As with Bitcoin, decentralized organisations have very many “network rules” guiding what things need to be done, and how. Indeed, most conversations about a given decision tend to be about resolving differences of perspective in order to avoid a social “fork” between different groups in the project. There is a major difference, however, in that most rules in decentralized organisations are not formally stated, or even stated at all; moreover, there is a reason that they are not generally formalised: they are not generally enforceable, and so anyone may freely act differently without penalty (save that of facing majority disagreement in some cases). Unfortunately, this tends in typical (un-designed) cases to create an environment of more-or-less perpetual disagreement, along with unsurprising levels of social toxicity, since there is seldom a systemic need to discuss anything unless it is a point of difference about things needing to be done. The subjects of the preceding sections in this piece have proposed alternative, scalable ways of reaching finality, which I expect should significantly lessen both the toxicity and the amount of conversation required. However, this section offers something more fundamental: a distinction between what actually requires consensus, and what can be either offloaded to self-sovereign teams, or left to casual discussion. If awareness of what truly requires consensus were to become widespread in a decentralized organisation, almost all conversations would come packaged with a sense of their import, so that (a) most topics would not fundamentally matter, and (b) if a topic does not fundamentally matter, then any disagreements are not fundamentally significant. As such, I expect the knowledge that such disagreements are not an organisational threat will take the teeth out of them.

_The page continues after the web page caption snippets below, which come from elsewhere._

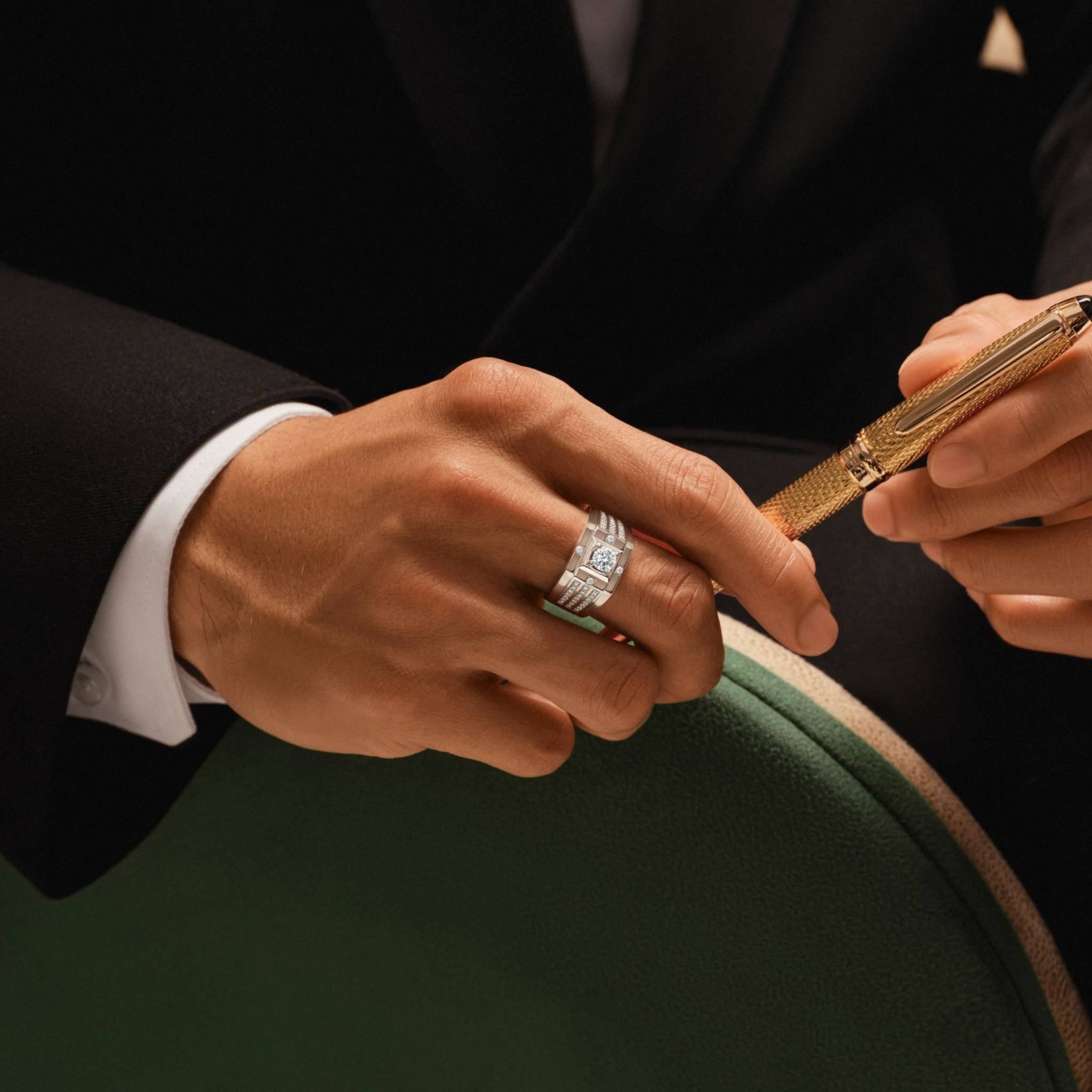 Thành tựu xứng đáng được ghi dấu bằng kim cương tiêu chuẩn cao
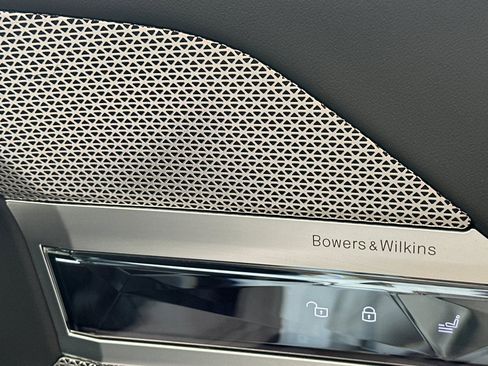 Certified 2024 BMW 740i image 22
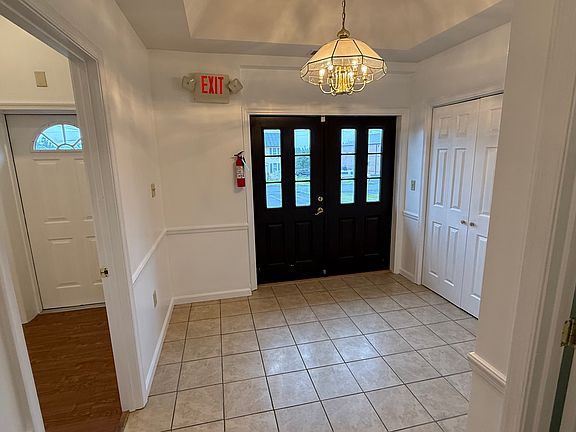 2nd image of 5321 Mulberry St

Anyway, the goal of this subsection is to establish a rigorous analogy between “form” in both Bitcoin and decentralized organisations. My thesis is that, like Bitcoin, there is only one datum that need be subject to consensus in a decentralized organization, and everything else naturally depends upon it: the determination of which labour to remunerate.

Unlike the case of “energy,” the analogy of “form” is more complex to draw. I will begin by delineating its limits and noting two disanalogies, before establishing the rigour of the analogy.

Limits upon the mechanism

The limits upon this mechanism are as discussed above: it would obtain provided there is no general state of economic or political superabundance, and provided that the core labour is not trivially easy. Within these limits, I hold that a decentralized organisation’s consensus mechanism can function like Bitcoin’s “narrow target” as discussed above, by controlling both whether workers are (a) not using enough “energy” and (b) not using it efficiently enough (e.g. it may become evident that a worker doesn’t have good enough skills for a job, or fails to deliver responsibly on project goals).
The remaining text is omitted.